I had forgotten how to read despite completing four books a month. After a few weeks of hitting my reading goal, I hardly remembered the books’ names.
The pressure of reading 50, 60 books a year had gotten to me. I had fallen into the ultimate trap of equating my intellect with how well-read I am. This resulted from a culture where examples are thrown around about how Bill Gates reads 50 books a year coupled with the constant crowd of book titles winning newer literature prizes every day. There is a cultural prestige that comes with the maximalist philosophy of hoarding many books.
The assumption is understandable. It is for the same reason that money is associated with success: It is an easy, quantifiable, data-driven measurement of something intangible. But like the former money-success assumption, the more books-better intellect assumption is also worth questioning.
It is worth pausing and reflecting on why to read, what to read, and how to read rather than indiscriminately reading lots of books under the premise that it is time and energy well-spent.
Because despite reading a book a week, I hardly had any enjoyment in reading. I did not get wiser or truly grasped anything new.

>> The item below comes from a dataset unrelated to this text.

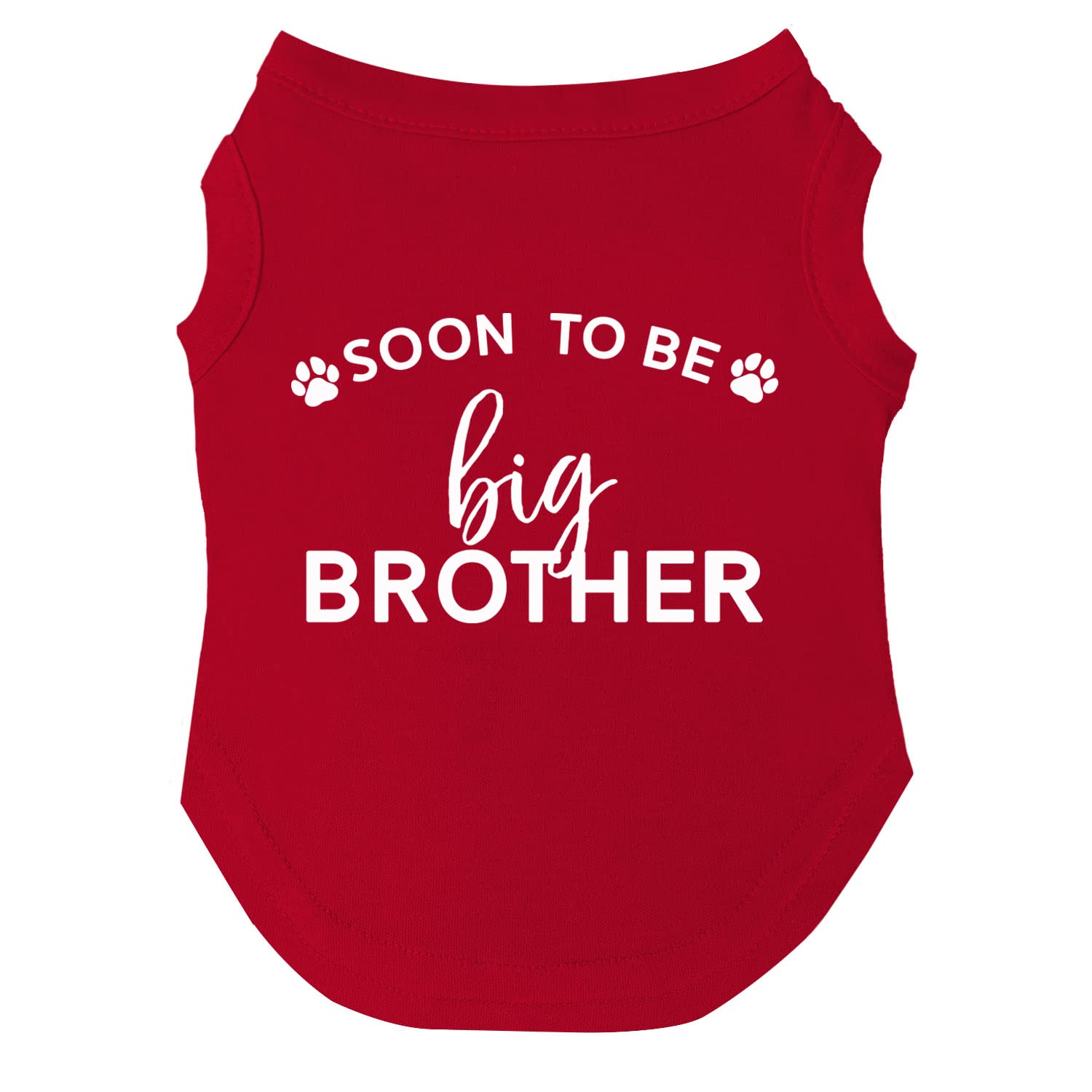 Soon to Be Big Brother Dog Tee Shirt | Sleeveless | Pregnancy Announcement | New Baby | Gender Reveal | Photoshoot (Red, X-Small 52)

All I had was a pang of guilt parading me to read more, not read better.
So, in 2020, I read far fewer books than I had in any other year. Instead of learning about always-in-business speed reading, I learned about the philosophical slow and immersive reading. I did not “skim through” tiny details anymore. I read them mindfully and intentionally, becoming a voracious slow reader.
Reading at a slower pace allowed me to make that text to real-world, text to self, text to life connection. This never happened to me when speed reading, maybe because it lessens comprehension. Speed reading does not make room for deeper thought.
Surprisingly, slow reading was far more challenging for me. There are so many tempting distractions with the advent of social media that I almost always unconsciously chose the easier, shorter, faster books that contained no dense material. This was only in the quest to reach my reading list goal, even if that reading had accounted for nothing.
But deep attention and careful reading is a challenge worth taking, especially considering the constant locomotion of modern lives. Once I had the hang of slow reading, it became my meditation, an act of self-care, a form of pure rest. I decelerated the pace of my fast life by slow reading.
There’s tremendous value in reading slow, reading thorough, reading thoughtfully. In 2021, instead of making a reading goal, make it an experience.